# Decomposing the Time Series and Inspecting its Seasonality

The previous [notebook](1.0-vtm-initial-data-exploration.ipynb) led us to believe that there are seasonal aspects to the time data, since it is basically the wet and dry season of a specific location.

Here we'll analyze the data in three distinc granularities:

- Monthly
- Weekly
- Daily

The unstructured data was changed and altered on LibreOffice Calc - since the original raw data was obtained in this format - the three outputs are three time series, one for each of the scales mentioned early. From these series, we'll evalute their seasonality and noise.

Let's load the datasets:

In [1]:
# Basic imports

import pandas as pd
import numpy as np
import seaborn as sns
import matplotlib.pyplot as plt
import os

# Time Series decomposition libraries

from statsmodels.tsa.seasonal import seasonal_decompose


Loading the data:

In [2]:
MONTHLY_DATA_PATH = os.path.abspath(r"..\data").replace('\\','/') + '/processed/monthly_rainfall.xlsx'
WEEKLY_DATA_PATH = os.path.abspath(r"..\data").replace('\\','/') + '/processed/weekly_rainfall_avg.xlsx'
DAILY_DATA_PATH = os.path.abspath(r"..\data").replace('\\','/') + '/processed/daily_rainfall.xlsx'

monthly_df = pd.read_excel(MONTHLY_DATA_PATH, 
                           index_col=[0],
                           parse_dates=[0])

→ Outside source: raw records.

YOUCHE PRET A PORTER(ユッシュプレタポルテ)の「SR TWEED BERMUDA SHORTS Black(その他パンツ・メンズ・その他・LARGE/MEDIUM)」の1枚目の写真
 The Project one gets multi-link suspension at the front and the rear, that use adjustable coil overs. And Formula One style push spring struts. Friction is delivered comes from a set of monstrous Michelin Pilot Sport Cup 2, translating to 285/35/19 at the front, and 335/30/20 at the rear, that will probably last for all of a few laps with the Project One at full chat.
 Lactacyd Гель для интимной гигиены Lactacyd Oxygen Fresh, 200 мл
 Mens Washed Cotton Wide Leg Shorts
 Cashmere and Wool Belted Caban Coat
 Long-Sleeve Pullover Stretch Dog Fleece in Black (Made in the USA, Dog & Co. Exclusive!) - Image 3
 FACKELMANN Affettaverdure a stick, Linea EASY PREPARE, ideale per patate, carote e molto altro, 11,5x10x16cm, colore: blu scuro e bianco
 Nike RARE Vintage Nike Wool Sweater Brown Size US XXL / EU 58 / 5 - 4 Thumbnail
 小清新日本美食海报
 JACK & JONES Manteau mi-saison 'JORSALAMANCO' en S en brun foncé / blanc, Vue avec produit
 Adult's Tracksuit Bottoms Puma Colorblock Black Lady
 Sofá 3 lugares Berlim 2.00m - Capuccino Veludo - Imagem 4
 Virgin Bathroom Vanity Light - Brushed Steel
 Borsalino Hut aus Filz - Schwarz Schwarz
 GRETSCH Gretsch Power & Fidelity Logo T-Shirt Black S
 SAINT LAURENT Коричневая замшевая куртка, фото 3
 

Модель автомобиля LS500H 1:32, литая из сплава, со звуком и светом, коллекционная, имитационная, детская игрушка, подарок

weekly_df = pd.read_excel(WEEKLY_DATA_PATH,
                          index_col=[0],
                          parse_dates=[0])

daily_df = pd.read_excel(DAILY_DATA_PATH,
                         index_col=[0], 
                         parse_dates=[0])

Let's start with the monthly series

In [None]:
monthly_df.head()

Dataframe columns look ok. Since we are measuring the months from 2014 to 2021, we should have __96__ months in total:

In [None]:
monthly_df.shape

No problems. Let's proceed to plotting the data:

In [None]:
monthly_df.plot(figsize=(15,10))

There's clearly a cycle each year, as expected. With rainfall peaking during the southern hemisphere's¹ Spring and Summer (September to March), and plummeting during the southern hemisphere's Fall and Winter (April to August). In a sense, we can correlate these peaks and troughs with the already established wet and dry seasons for this particular region.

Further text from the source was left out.